Use MirrorMaker to replicate Apache Kafka topics with Kafka on HDInsight

Learn how to use Apache Kafka's mirroring feature to replicate topics to a secondary cluster. Mirroring can be ran as a continuous process, or used intermittently as a method of migrating data from one cluster to another.

In this example, mirroring is used to replicate topics between two HDInsight clusters. Both clusters are in an Azure Virtual Network in the same region.

Warning

Mirroring should not be considered as a means to achieve fault-tolerance. The offset to items within a topic are different between the source and destination clusters, so clients cannot use the two interchangeably.

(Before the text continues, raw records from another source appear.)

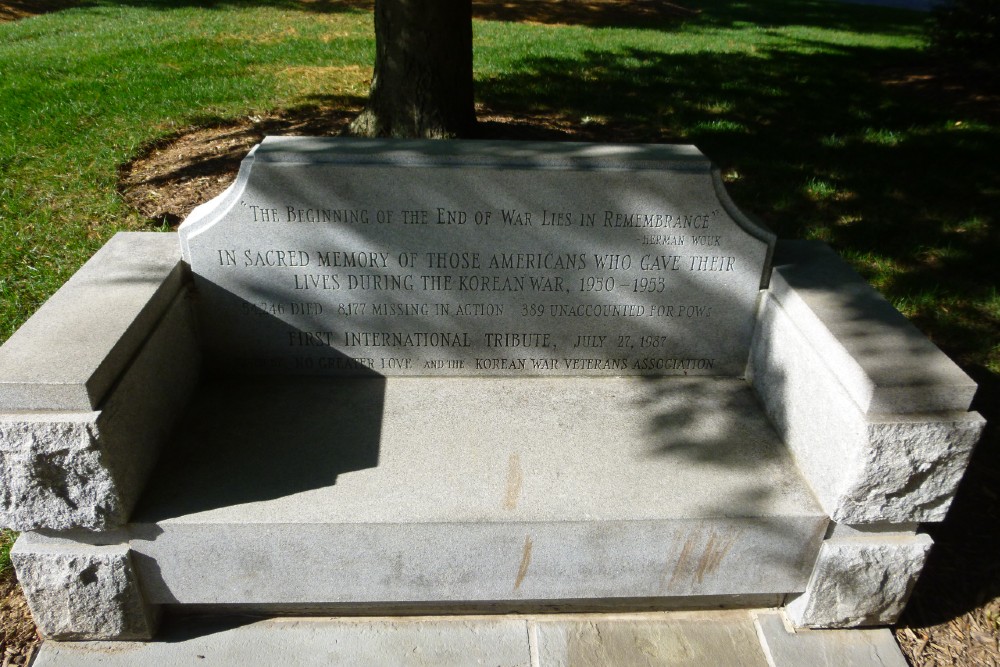 Commemorative Bench Korean War National Arlington Cemetery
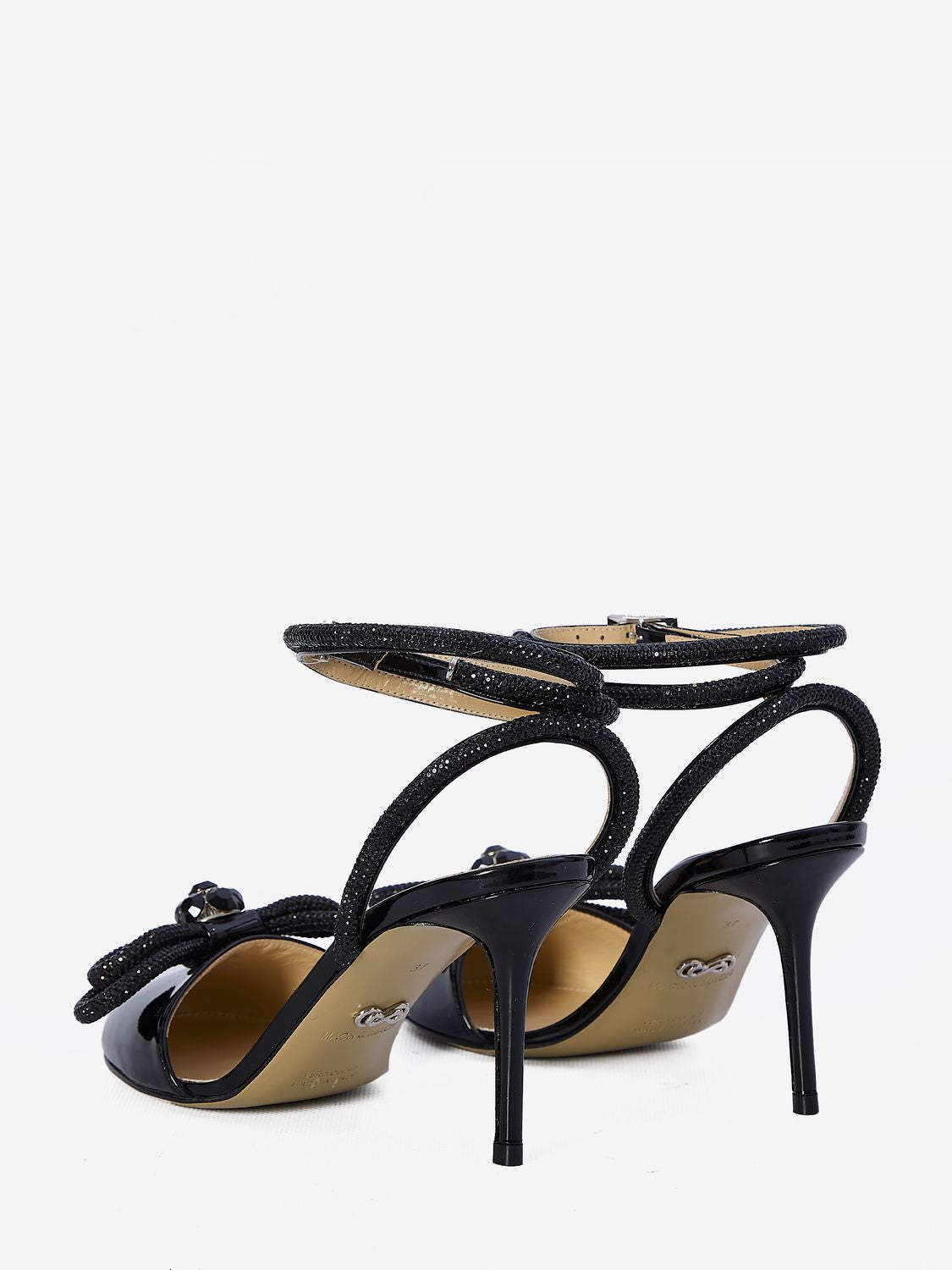 MACH & MACH Double Bow Closed Toe Sandals 8.5cm Heel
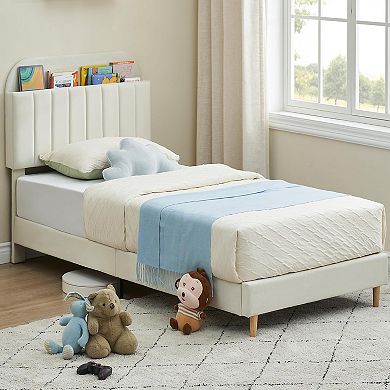 Upholstered Platform Bed Frame with Bookcase Headboard, Velvet Platform Bed Mattress Foundation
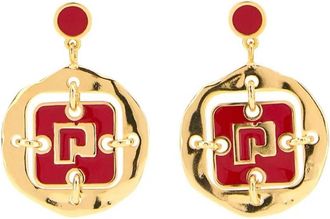 Paco Rabanne Medal Two-Toned Drop Earrings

If you are concerned about fault tolerance, you should set replication for the topics within your cluster. For more information, see Get started with Kafka on HDInsight.

How Kafka mirroring works

Mirroring works by using the MirrorMaker tool (part of Apache Kafka) to consume records from topics on the source cluster and then create a local copy on the destination cluster. MirrorMaker uses one (or more) consumers that read from the source cluster, and a producer that writes to the local (destination) cluster.

The following diagram illustrates the Mirroring process:

Diagram of the mirroring process

Apache Kafka on HDInsight does not provide access to the Kafka service over the public internet. Kafka producers or consumers must be in the same Azure virtual network as the nodes in the Kafka cluster. For this example, both the Kafka source and destination clusters are located in an Azure virtual network. The following diagram shows how communication flows between the clusters:

Diagram of source and destination Kafka clusters in an Azure virtual network

The source and destination clusters can be different in the number of nodes and partitions, and offsets within the topics are different also. Mirroring maintains the key value that is used for partitioning, so record order is preserved on a per-key basis.

Mirroring across network boundaries

If you need to mirror between Kafka clusters in different networks, there are the following additional considerations:

  • Gateways: The networks must be able to communicate at the TCPIP level.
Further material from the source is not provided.